I have also seen something else, it goes like this--

My first book 325,000 words---sent out 60 some queries---Two requests for the manuscript. One from a publisher and one from an agent. The publisher, editor, was nice enough to write me a very long letter, (someone from DAW). He said I had a gift for story telling, but that my text was overblown and over full, it was bloated. The book was written form all knowing and he suggested I re-write it in third or first person ---- he went on to red line about 10 pages showing me where I had repeated myself, where I should have done this and that—by the time he was done there where about 4 pages of that 10 left. I have kept in contact with this man over the last three years on and off. The other was an agent that ripped the work to shreds in much less helpful way.

My second book was not much better for over word use it turned out to be into the 400,000 range. I didn’t even bother to send queries on it. Maybe some day I will dig it out and divide it or burn it. LOL

My third book ended at 190,000. I am working on making it into two books---but in the year and half before it was done I have learned a lot thanks to my friend at DAW. I sent out about 20 queries on it. Sorry too dark where most of the rejections and I got several too longs back thus the desire to re-write it. I am working on it now.

My forth book ended at 70,000 words. I stumbled on a formula that is supposed to work for a first book. While I do not say this will work for anyone else as we all seem to work differently, but it worked for me. I sent out 10 queries thinking I had plenty of time to revise, three days later a big name agency asked for the complete manuscript. BONK! I was not ready for that and neither was the manuscript. I sent it anyway and it got rejected. I learned something though—one, as Kathleen told me, I should have taken the time to do some revision as they were not standing there checking their mail to see if I had sent it. Two: park the arrogance at the door. Look at the statistics for first time books---I had already done that with the word count per chapter ect. So I was one up on that one. Three: it worked, this idea of following the rules. I had a 1 out of 7 ratio in favor of the book looking at requests for it. Even if it got refused. Gadds with good reason.

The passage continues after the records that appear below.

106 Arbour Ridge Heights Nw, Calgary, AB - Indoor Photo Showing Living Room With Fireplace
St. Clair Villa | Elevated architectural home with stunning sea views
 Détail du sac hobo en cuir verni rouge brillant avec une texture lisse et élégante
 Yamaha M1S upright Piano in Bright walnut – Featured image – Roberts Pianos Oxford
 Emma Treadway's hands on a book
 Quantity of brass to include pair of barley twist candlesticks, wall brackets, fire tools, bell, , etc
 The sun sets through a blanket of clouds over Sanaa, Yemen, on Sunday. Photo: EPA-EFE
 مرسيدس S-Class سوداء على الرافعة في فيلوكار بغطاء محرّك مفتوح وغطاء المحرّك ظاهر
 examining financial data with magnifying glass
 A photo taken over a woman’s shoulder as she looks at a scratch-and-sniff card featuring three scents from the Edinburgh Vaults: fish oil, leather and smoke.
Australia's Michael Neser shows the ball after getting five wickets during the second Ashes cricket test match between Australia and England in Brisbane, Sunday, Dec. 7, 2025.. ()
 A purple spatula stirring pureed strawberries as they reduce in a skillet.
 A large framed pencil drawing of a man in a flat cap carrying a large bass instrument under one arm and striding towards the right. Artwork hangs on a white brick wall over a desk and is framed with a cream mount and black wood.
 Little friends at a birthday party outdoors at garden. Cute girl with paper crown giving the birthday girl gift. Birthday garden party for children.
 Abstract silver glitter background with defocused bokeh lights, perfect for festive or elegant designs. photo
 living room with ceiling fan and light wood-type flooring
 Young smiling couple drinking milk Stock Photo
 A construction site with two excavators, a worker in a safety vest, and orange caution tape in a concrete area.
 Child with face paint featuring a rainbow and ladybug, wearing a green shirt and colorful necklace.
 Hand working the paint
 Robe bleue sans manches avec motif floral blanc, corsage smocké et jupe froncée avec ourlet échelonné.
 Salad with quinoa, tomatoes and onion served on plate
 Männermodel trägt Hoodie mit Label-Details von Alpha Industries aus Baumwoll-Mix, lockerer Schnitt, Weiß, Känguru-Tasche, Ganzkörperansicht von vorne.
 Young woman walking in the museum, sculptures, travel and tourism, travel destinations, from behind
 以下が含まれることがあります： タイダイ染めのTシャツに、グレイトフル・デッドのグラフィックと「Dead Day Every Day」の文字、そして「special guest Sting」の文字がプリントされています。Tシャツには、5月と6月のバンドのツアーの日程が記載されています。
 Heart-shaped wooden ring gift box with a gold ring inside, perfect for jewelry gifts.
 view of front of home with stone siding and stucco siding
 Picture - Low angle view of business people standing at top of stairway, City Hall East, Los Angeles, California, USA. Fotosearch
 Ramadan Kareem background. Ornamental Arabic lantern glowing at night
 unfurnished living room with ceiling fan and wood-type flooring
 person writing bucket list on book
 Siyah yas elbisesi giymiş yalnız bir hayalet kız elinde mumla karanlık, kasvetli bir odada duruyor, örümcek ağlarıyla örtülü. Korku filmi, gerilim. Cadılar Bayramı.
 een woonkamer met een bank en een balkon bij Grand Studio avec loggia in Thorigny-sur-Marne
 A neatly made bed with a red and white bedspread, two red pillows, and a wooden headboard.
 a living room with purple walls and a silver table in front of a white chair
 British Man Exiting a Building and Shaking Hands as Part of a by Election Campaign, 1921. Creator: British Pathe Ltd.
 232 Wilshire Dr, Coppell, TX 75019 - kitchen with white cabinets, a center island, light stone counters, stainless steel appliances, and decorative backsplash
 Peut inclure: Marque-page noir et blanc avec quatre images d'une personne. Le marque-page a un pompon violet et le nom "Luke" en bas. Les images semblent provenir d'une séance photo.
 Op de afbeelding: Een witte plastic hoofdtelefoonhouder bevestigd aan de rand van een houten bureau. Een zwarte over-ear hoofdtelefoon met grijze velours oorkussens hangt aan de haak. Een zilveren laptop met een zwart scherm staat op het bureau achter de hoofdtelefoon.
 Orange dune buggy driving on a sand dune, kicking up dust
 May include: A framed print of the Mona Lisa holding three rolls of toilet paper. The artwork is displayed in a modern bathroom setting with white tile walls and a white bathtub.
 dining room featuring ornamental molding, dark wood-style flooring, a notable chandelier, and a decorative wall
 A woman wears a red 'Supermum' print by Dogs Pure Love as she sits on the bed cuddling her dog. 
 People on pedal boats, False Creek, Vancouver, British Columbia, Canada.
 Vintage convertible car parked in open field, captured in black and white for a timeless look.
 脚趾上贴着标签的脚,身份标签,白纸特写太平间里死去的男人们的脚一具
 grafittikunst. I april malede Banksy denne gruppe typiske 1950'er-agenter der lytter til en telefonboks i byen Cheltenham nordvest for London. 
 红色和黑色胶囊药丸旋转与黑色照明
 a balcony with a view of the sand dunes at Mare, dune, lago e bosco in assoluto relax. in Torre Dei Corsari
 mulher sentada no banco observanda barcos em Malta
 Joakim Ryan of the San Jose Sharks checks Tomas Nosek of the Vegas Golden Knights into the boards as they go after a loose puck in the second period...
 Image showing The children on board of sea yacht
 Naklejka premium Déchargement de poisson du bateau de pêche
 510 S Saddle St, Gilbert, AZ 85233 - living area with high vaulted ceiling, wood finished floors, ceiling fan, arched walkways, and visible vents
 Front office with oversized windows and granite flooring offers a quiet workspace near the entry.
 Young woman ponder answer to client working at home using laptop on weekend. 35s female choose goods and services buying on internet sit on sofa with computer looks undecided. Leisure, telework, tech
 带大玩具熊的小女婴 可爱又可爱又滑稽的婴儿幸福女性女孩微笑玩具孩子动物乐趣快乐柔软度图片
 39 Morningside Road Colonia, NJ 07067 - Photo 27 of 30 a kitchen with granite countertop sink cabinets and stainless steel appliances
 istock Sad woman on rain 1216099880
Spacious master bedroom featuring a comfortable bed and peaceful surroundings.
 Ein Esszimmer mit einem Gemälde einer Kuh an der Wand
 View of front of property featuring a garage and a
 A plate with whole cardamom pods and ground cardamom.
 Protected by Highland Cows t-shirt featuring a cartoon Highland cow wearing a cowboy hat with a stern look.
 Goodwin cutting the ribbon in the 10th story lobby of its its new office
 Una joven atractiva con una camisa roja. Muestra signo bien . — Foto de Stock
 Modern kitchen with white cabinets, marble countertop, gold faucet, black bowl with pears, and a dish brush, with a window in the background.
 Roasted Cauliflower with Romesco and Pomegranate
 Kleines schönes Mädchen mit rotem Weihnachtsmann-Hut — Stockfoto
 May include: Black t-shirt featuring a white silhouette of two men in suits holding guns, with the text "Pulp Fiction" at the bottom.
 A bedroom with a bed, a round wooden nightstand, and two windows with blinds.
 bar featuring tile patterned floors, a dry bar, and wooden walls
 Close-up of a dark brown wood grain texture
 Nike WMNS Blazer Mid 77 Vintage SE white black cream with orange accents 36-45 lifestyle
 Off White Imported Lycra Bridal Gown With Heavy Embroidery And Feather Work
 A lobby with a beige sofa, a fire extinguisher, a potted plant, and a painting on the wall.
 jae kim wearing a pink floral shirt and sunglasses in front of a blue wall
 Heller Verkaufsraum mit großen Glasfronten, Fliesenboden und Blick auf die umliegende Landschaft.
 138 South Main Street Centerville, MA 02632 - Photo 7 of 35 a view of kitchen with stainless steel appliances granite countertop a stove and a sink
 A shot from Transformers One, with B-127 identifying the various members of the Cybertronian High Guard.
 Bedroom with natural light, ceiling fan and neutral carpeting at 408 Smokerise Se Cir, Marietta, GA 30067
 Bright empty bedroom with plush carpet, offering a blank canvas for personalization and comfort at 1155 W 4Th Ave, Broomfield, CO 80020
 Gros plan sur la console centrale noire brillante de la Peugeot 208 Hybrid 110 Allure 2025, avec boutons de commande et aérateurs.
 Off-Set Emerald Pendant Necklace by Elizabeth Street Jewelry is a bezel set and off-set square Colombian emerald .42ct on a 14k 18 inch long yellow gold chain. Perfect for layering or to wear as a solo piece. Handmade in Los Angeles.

Now I have added about 20, 000 words to it and ma sending it out again---guess what adding words was certainly easier than killing my darlings. And I am still averaging about 1 out of 7 in the area of requests for further material.

My fifth book is right now 40,000 words and I wrote the last chapter. Time to decide what to do with it. E-book maybe, or add another 35,000. Don’t know yet will see where it is at when I am done.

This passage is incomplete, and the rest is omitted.